Still more contrast is available in lithography, which more closely resembles what happens in a drawing. An incredible level of shading is possible. Robb Quisling and particularly Gendron Jensen, famous for work depicting bone structures, are example of the form in the show. Lieder herself has an example in black and white lithography in the show, as all, called "Cave."
"People who like to draw are drawn to lithography," she said.
And finally, there's the intaglio processes, where a surface is etched through laborious processes yielding many different shades of black, Lieder says. Included in those tones, she says, is the blackest black in all of art.
Because the show is so special, it has been extended until March 11.
But that's not the only exciting thing going on at the gallery and at the Northern Printmaker's Alliance.
The Alliance also has two portfolio shows.
The perhaps unfamiliar term refers to the history of printmaking. In the past, there were no framed prints, only boxed sets of them carefully protected from the light. With obvious glee, Lieder points out one of the boxed portfolios, demonstrating how much more clearly the embossing shows up and how artistic details, like key marks and the traces of hand pressing show up on back sides.
"It is a sensuous medium, and it's wonderful to handle the prints," she said.
The group started the first portfolio, "Elements," comprised of works by 16 NPA artists, in 1999, with funding from the Arrowhead Regional Arts Council. The funding helped produce not only the boxed sets but a traveling, framed show that has already been to Aitkin, St. Peter, Hudson, Wis., and Duluth and is scheduled for Bemidji, Grand Rapids and several other destinations.
"The whole idea is to do outreach," Lieder said.
One happy result of the portfolio is that it drew the attention of another arts organization, the Amity Art Foundation, dedicated specifically to prints. It inspired a second portfolio, this time in collaboration with the Women Printmakers of Austin, Texas.
All of the prints in "Woman, Water, Sheep," the second portfolio, are printed on paper from the nation of Bhutan. In fact, the name is derived from the theme in that country for 2003.
The collaborative portfolio will be shown in New York City, and each participating artist will get a box set.

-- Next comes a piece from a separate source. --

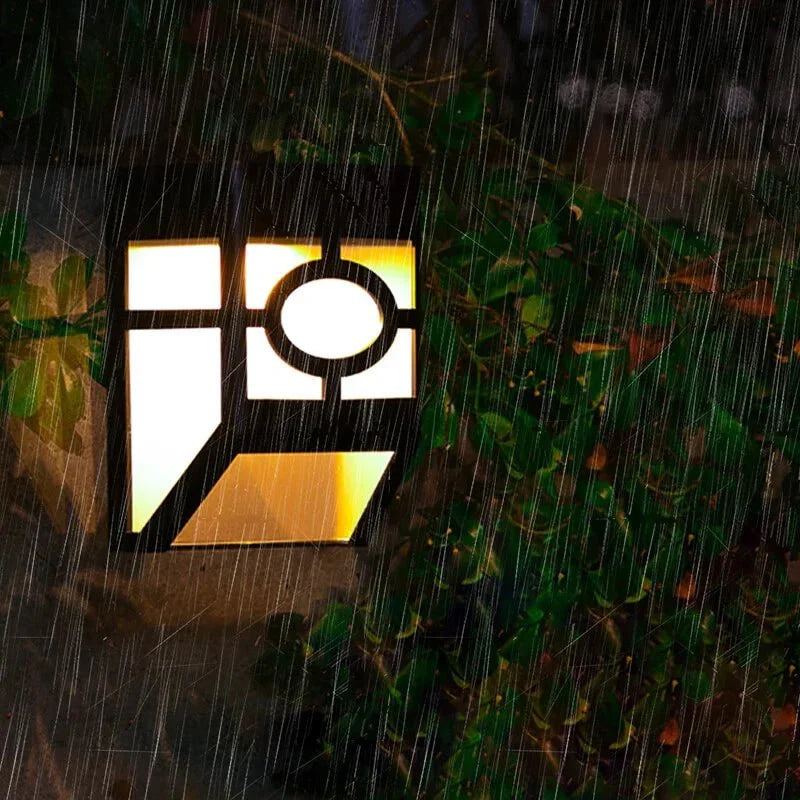 Solar LED Wall Light (2 Pack)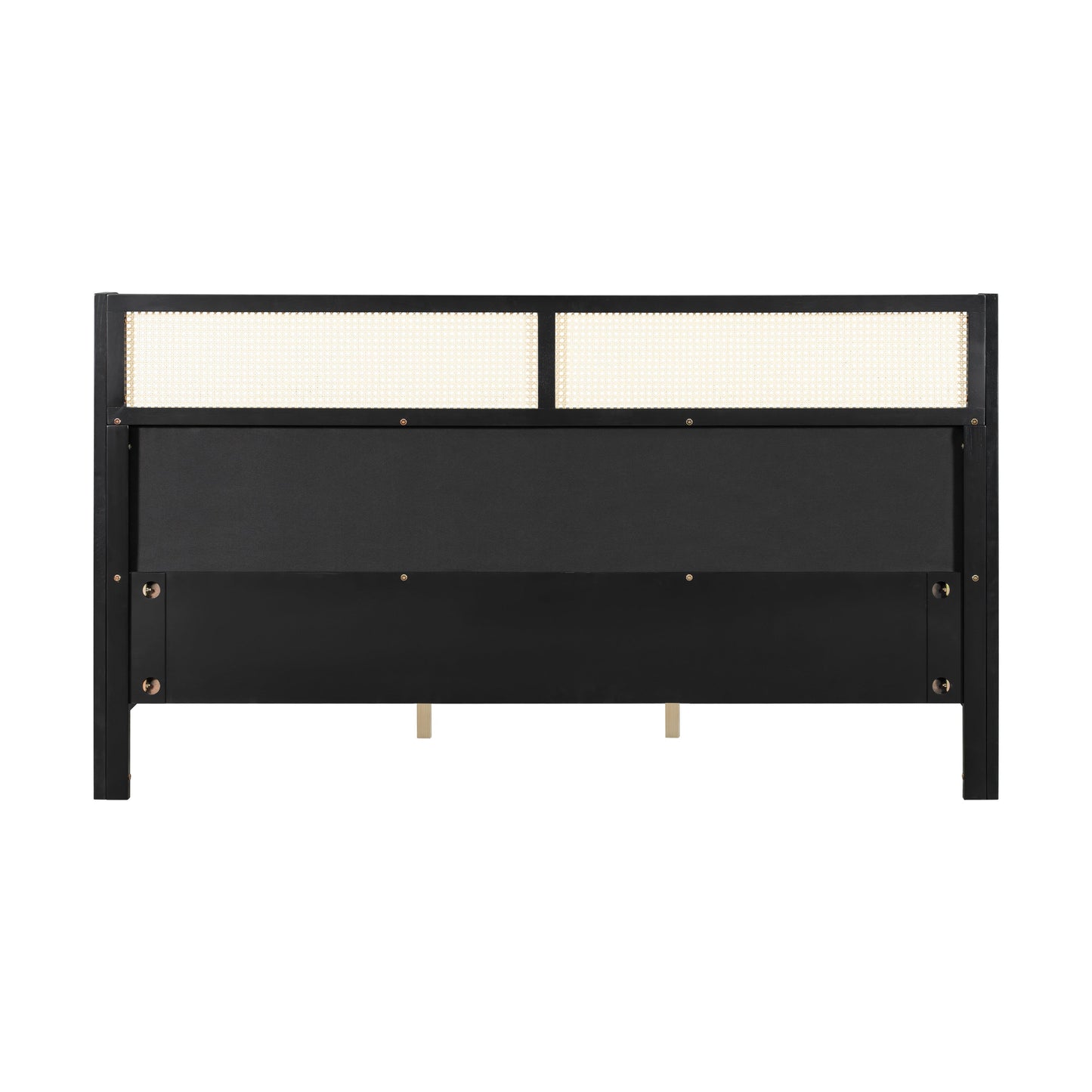 King Size Bed Frame in Black and Green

"That's why (the organization) wanted it to be an exchange portfolio, so two groups could benefit from it," Lieder said.
She says every printmaking medium is represented in the portfolios, with a wide range of works in different styles.
The two portfolios signify growth that is taking place in the NPA.

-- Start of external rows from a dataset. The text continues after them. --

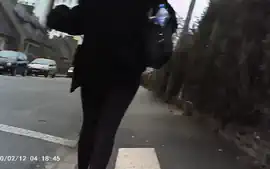 Girl sexy and public ***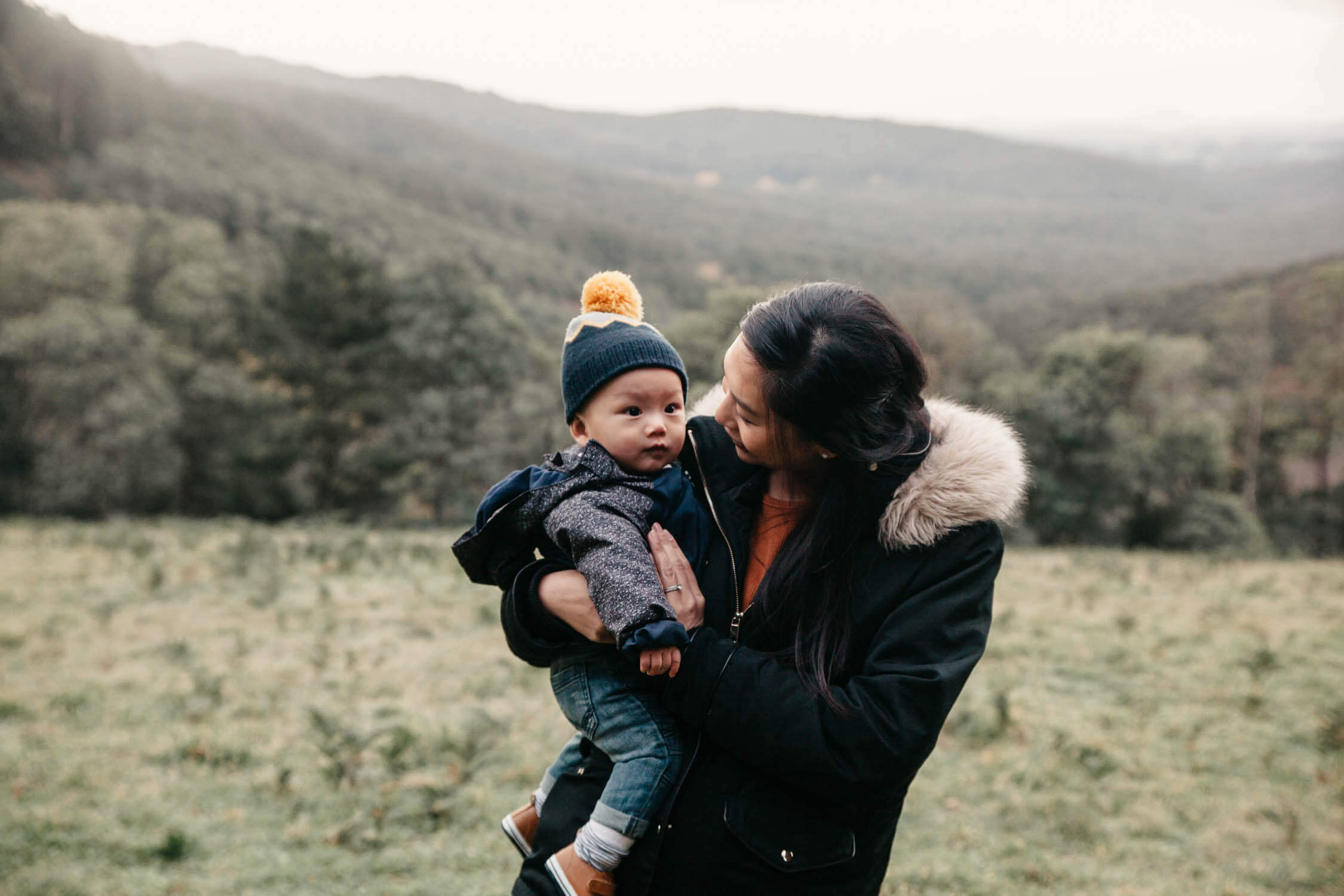 Family, Wedding & Newborn Photographer in Melbourne | Gill Juergens Photography | Winter fun | Gill Juergens Photography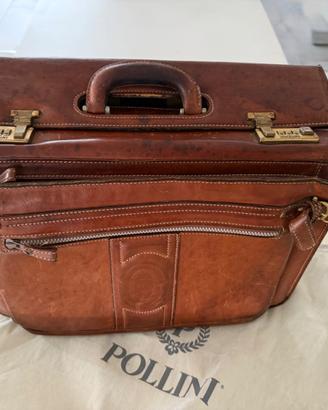 Pollini borsa vintage 24/ 48 ore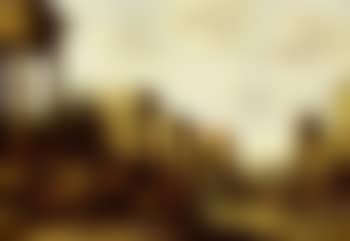 Dutch town scene with figures (preview)
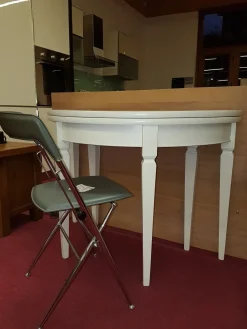 Hot Tavolino Consolle patinata bianco antico con uno SCONTO IMPERDIBILE Tavolini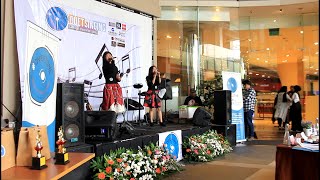 juara 1 lomba duet overtone cover raisa & isyana sarasvati - anganku anganmu by Rahadila dan Rieda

"The Northern Printmakers is going to go places," Lieder said, noting that membership is now up to 25 with more on tap.
In addition to a group that gets along, the medium itself provides an advantage -- the detail work and patience required to run an arts organization comes naturally to the printmakers. Organization isn't a problem.

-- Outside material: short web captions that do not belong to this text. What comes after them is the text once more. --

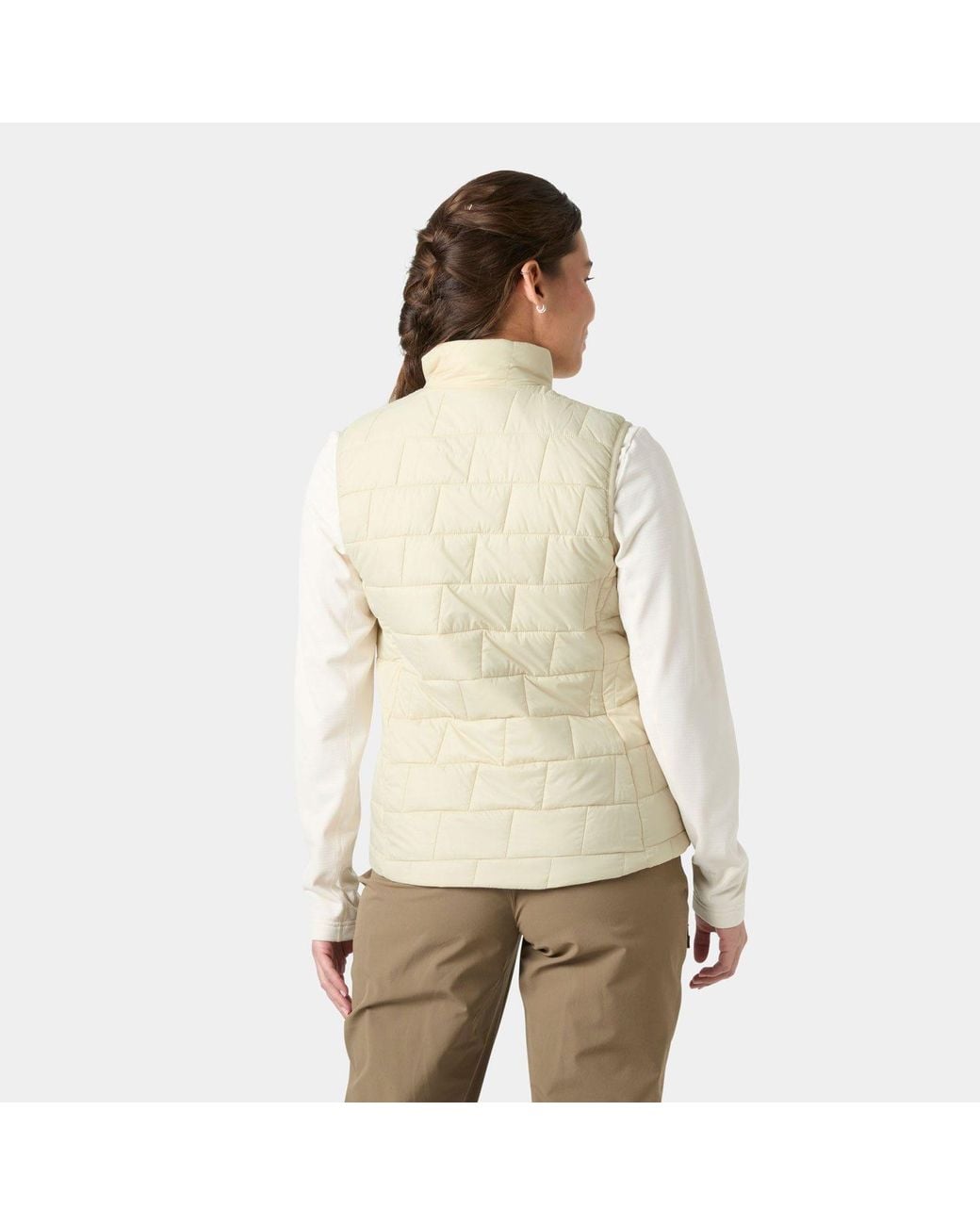Helly Hansen Natural Lifaloft Insulated Vest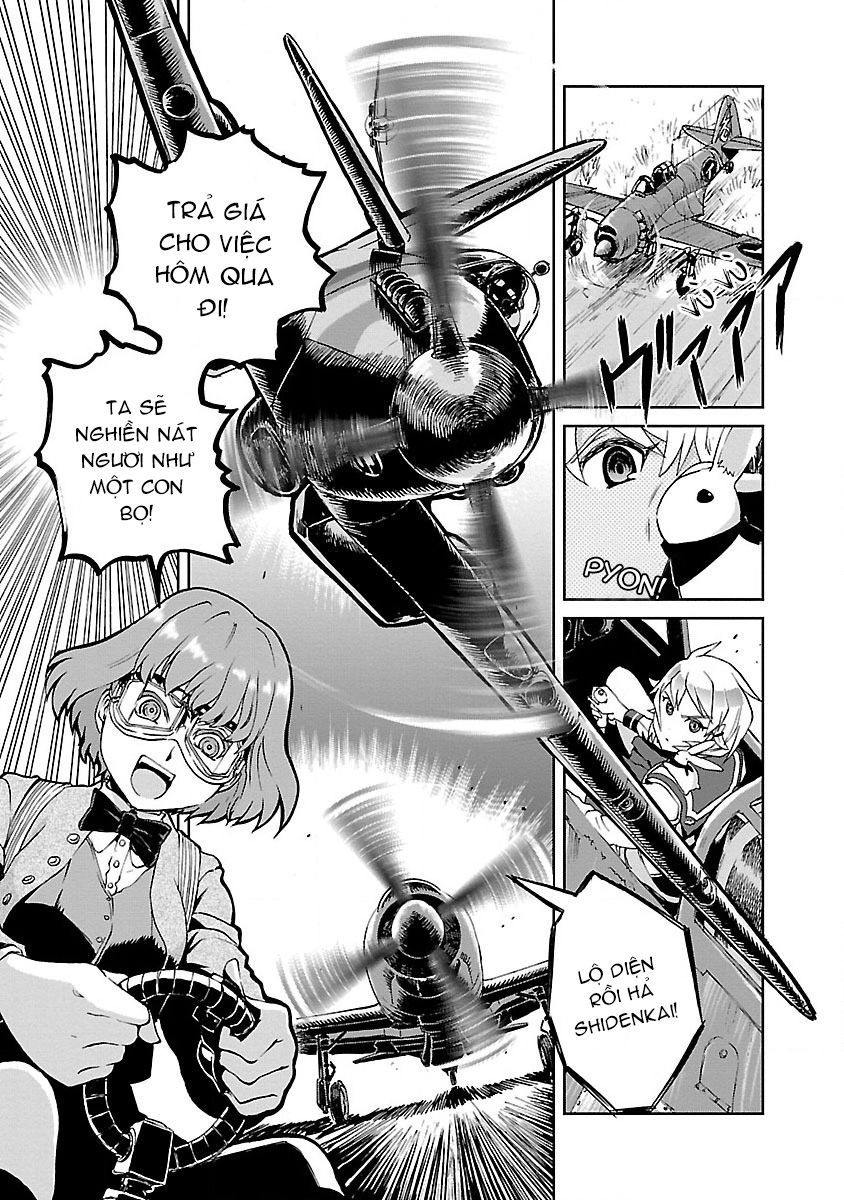 Shidenkai No Maki Chapter 3 - Trang 2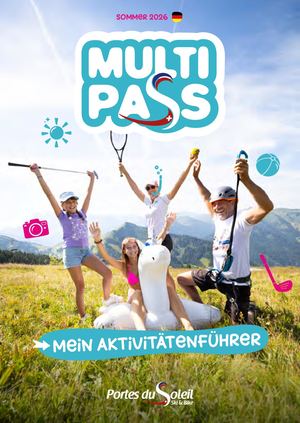 MultiPass – Sommer 2026 – Reiseführer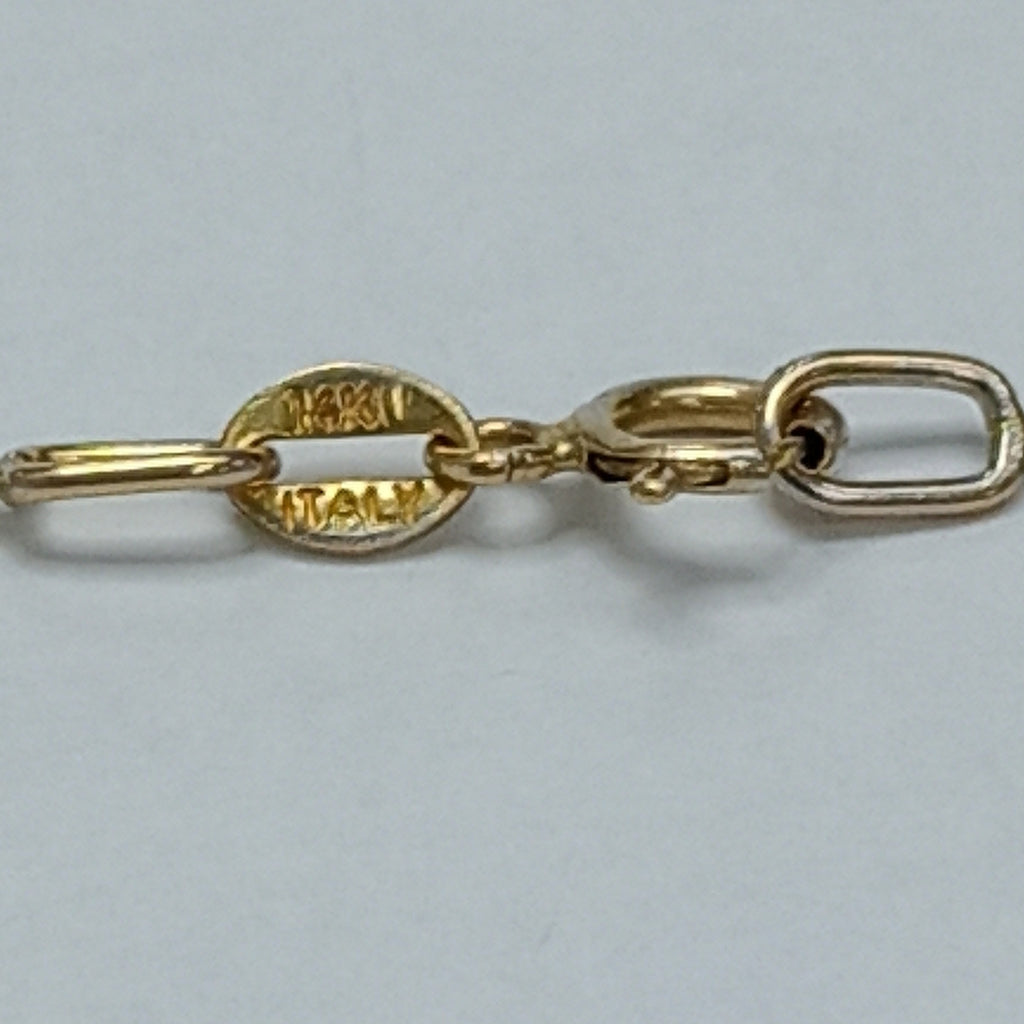 CADENA ORO 14 K 0.9 GRMS (SEMINUEVO)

An exhibit of the two portfolios opens at the Northern Prints Gallery on March 19 and runs through April 18. And both will be available to the public in boxed sets, as well as possibly a few "breakup" sets.
The boxed sets seem pricey at the start: $1,500 for "Elements" and "at least" $2,500 (the price isn't set yet) for "Woman, Water, Sheep."
But Lieder said that's a bargain for the number of top prints available in each. And the proceeds from elements go to support the growing Northern Printmaker's Alliance.